PROBLEM DETAILS:
In the listing below, the lines starting at the line with "Laptop Sehpası /notebook" and ending at the line with "Kaart van Maputo" are to be output verbatim. Images stay out of the copy.

ENTRIES SUPPLIED:
↓

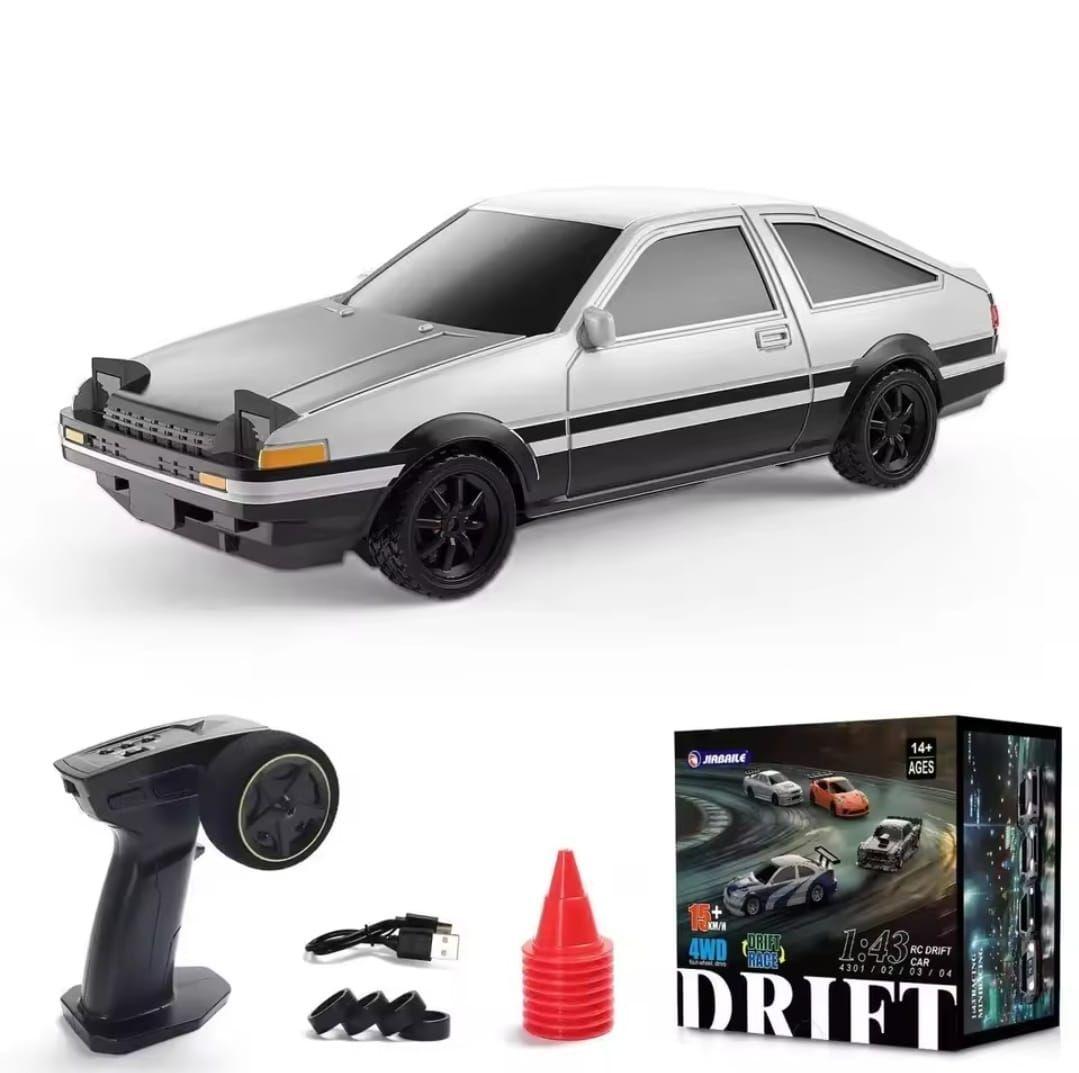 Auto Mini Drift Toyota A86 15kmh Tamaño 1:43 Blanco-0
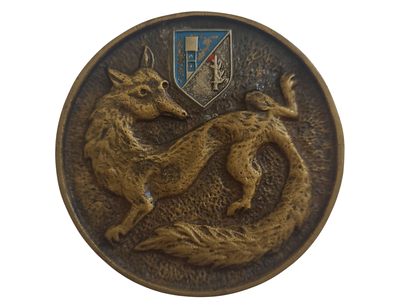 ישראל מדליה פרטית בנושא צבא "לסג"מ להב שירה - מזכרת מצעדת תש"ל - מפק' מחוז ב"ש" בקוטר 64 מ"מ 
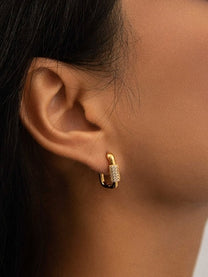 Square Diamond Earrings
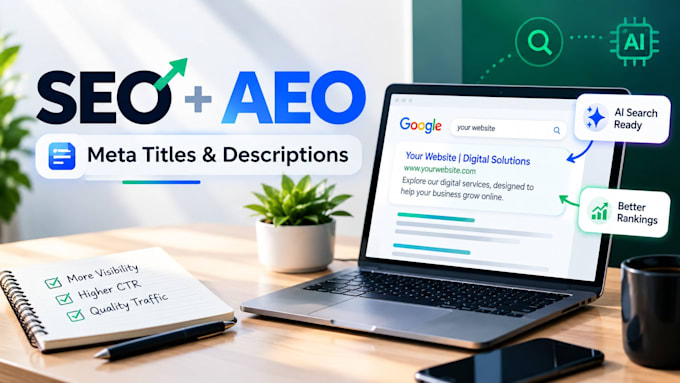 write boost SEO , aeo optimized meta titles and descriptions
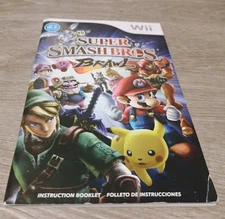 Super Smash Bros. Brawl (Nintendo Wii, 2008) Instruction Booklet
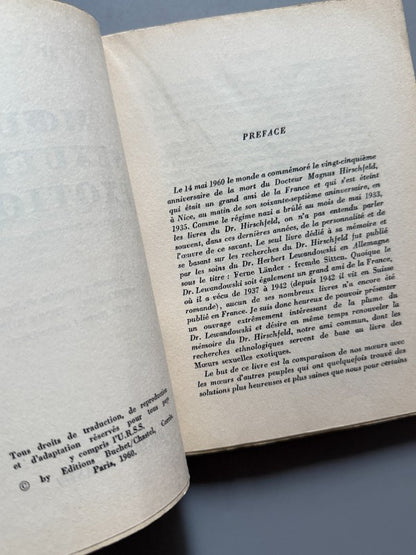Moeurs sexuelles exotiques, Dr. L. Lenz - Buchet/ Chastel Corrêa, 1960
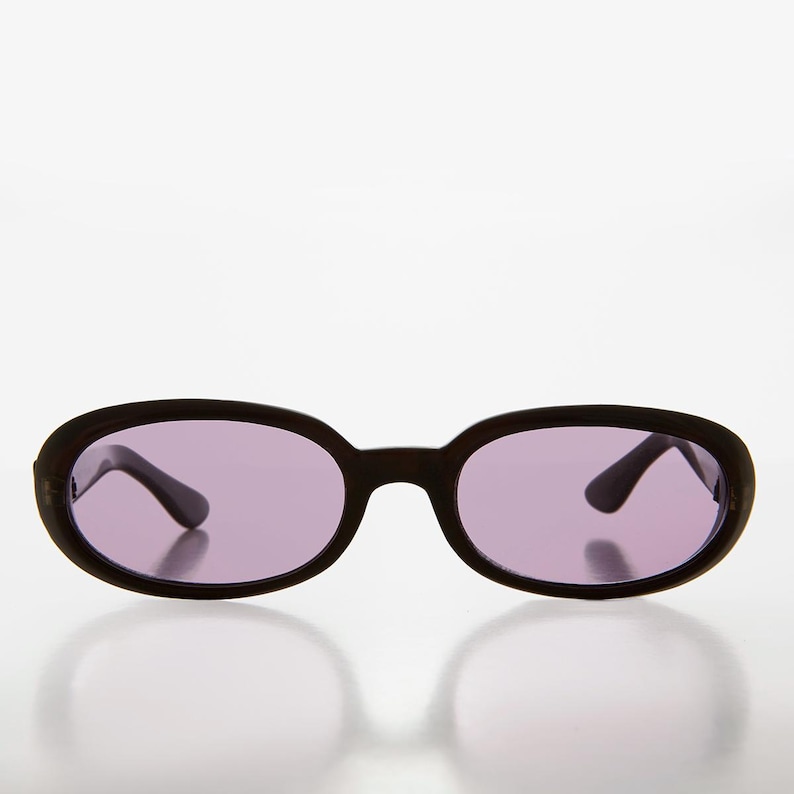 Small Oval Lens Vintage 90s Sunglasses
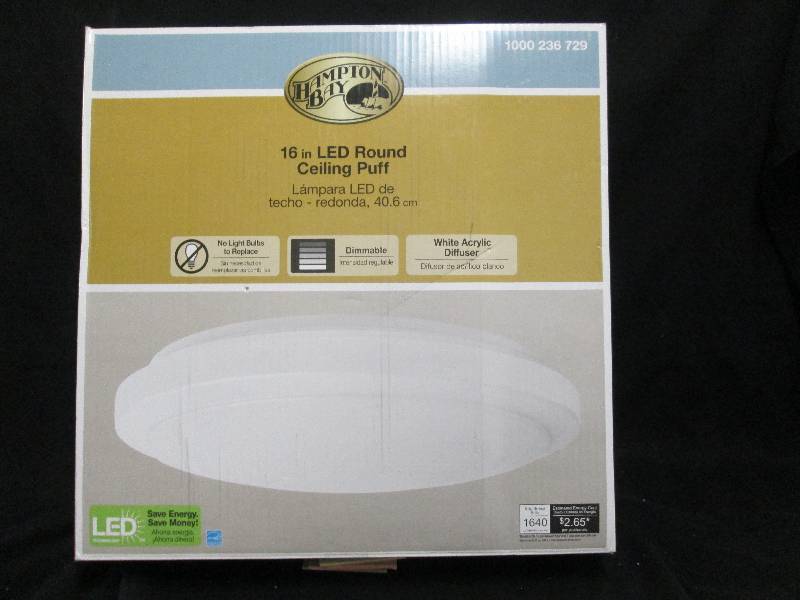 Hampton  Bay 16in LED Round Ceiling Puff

↑
↓

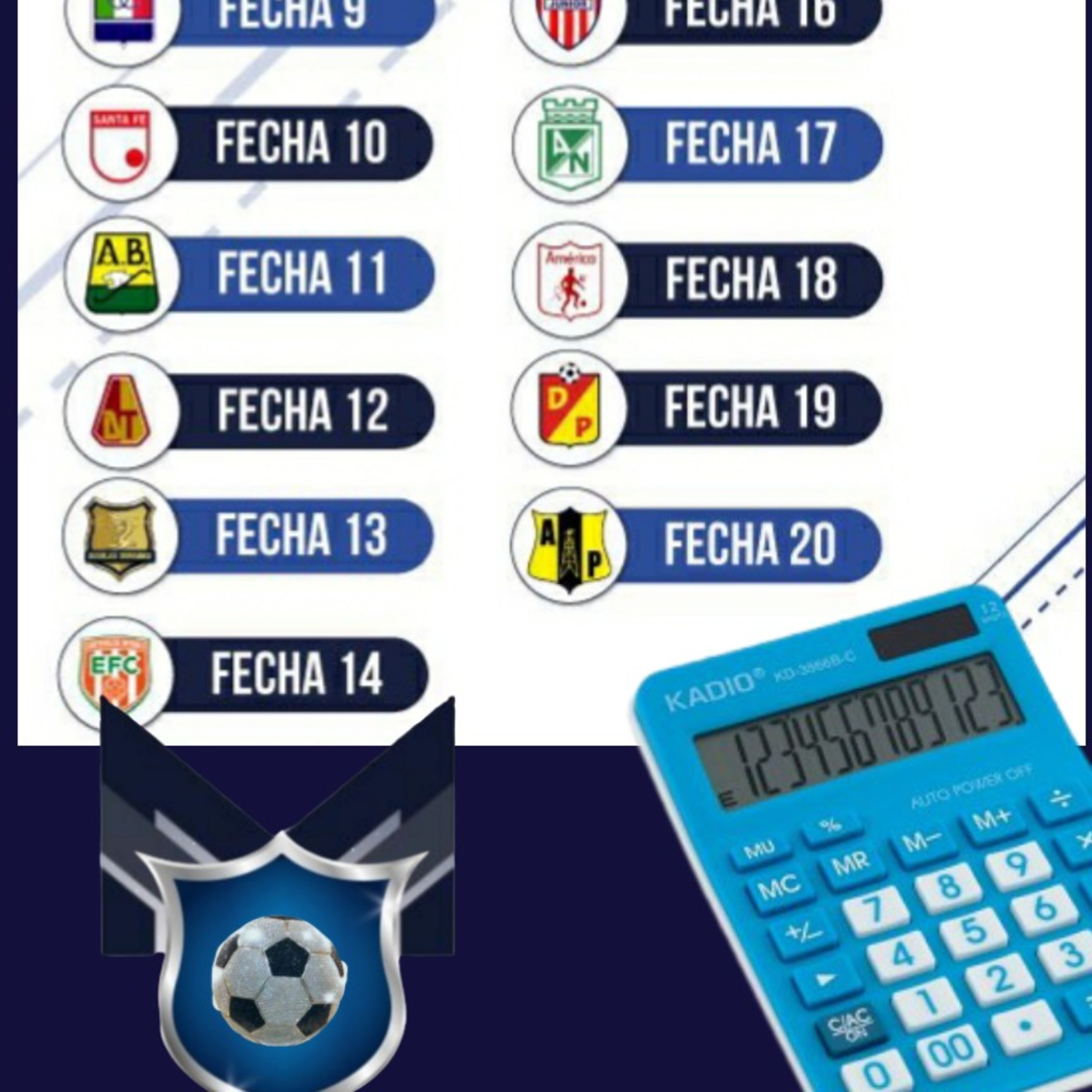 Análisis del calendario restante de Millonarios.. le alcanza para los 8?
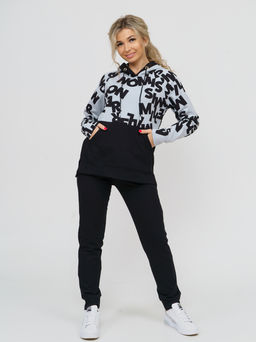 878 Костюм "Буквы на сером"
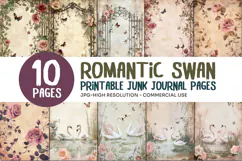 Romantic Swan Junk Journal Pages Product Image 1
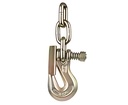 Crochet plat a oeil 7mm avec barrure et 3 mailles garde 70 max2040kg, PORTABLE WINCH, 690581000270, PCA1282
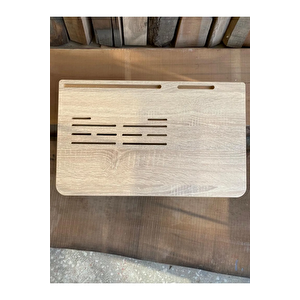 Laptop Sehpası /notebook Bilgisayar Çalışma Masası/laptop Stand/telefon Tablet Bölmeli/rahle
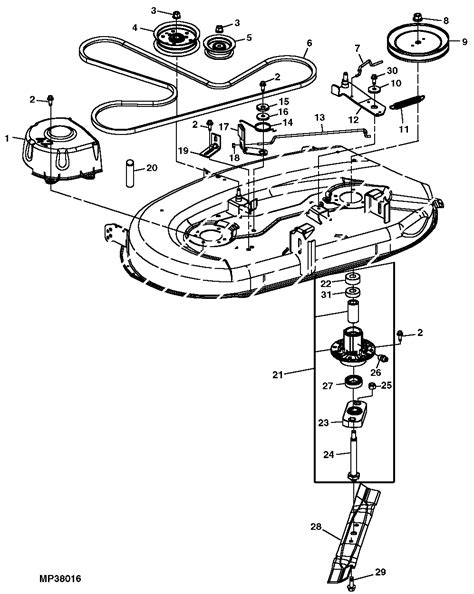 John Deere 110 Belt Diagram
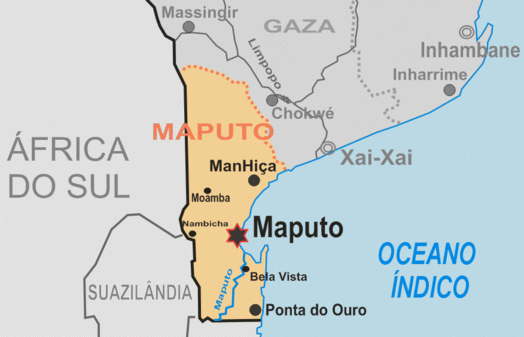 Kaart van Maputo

↑
↓

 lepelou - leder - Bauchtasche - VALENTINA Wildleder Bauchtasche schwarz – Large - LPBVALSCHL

↑

OUTPUT OF THE TASK:
 Laptop Sehpası /notebook Bilgisayar Çalışma Masası/laptop Stand/telefon Tablet Bölmeli/rahle
 John Deere 110 Belt Diagram
 Kaart van Maputo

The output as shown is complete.